Each of the entries below is to be written out exactly, and the images skipped.

--- START ---

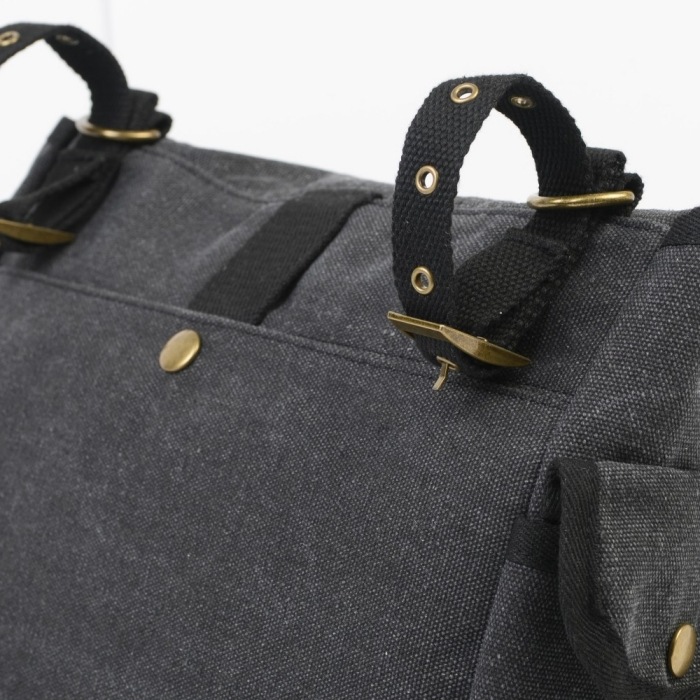 Custom ���������Canvas Saddle Bag�ۥ����Х����ɥ�Хå� ���������Хå� �����ɥХå� �����Х���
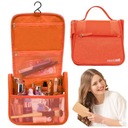 ОРГАНАЙЗЕР КОСМЕТИЧЕСКАЯ СУМКА ДОРОЖНАЯ СУМКА С КРЮЧКОМ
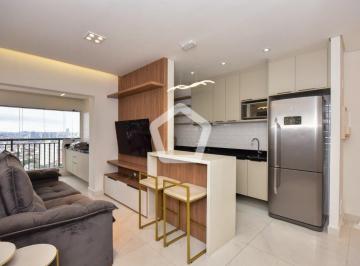 Apartamento · 75m² · 2 Quartos · 1 Vaga · Apartamento em Parque Da Mooca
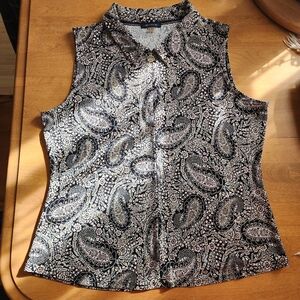 Women's Paisley Tommy Hilfiger Tank Top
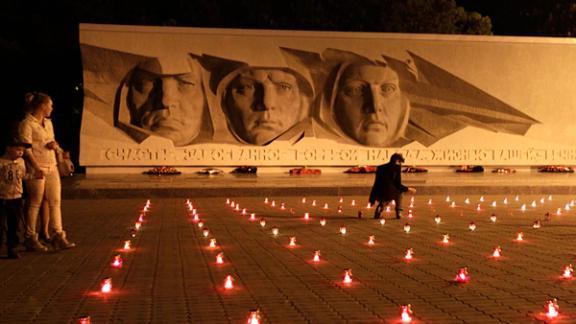 Накануне Дня памяти и скорби власти Ставрополья обратились к жителям края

--- END ---

● Expected output:
 Custom ���������Canvas Saddle Bag�ۥ����Х����ɥ�Хå� ���������Хå� �����ɥХå� �����Х���
 ОРГАНАЙЗЕР КОСМЕТИЧЕСКАЯ СУМКА ДОРОЖНАЯ СУМКА С КРЮЧКОМ
 Apartamento · 75m² · 2 Quartos · 1 Vaga · Apartamento em Parque Da Mooca
 Women's Paisley Tommy Hilfiger Tank Top
 Накануне Дня памяти и скорби власти Ставрополья обратились к жителям края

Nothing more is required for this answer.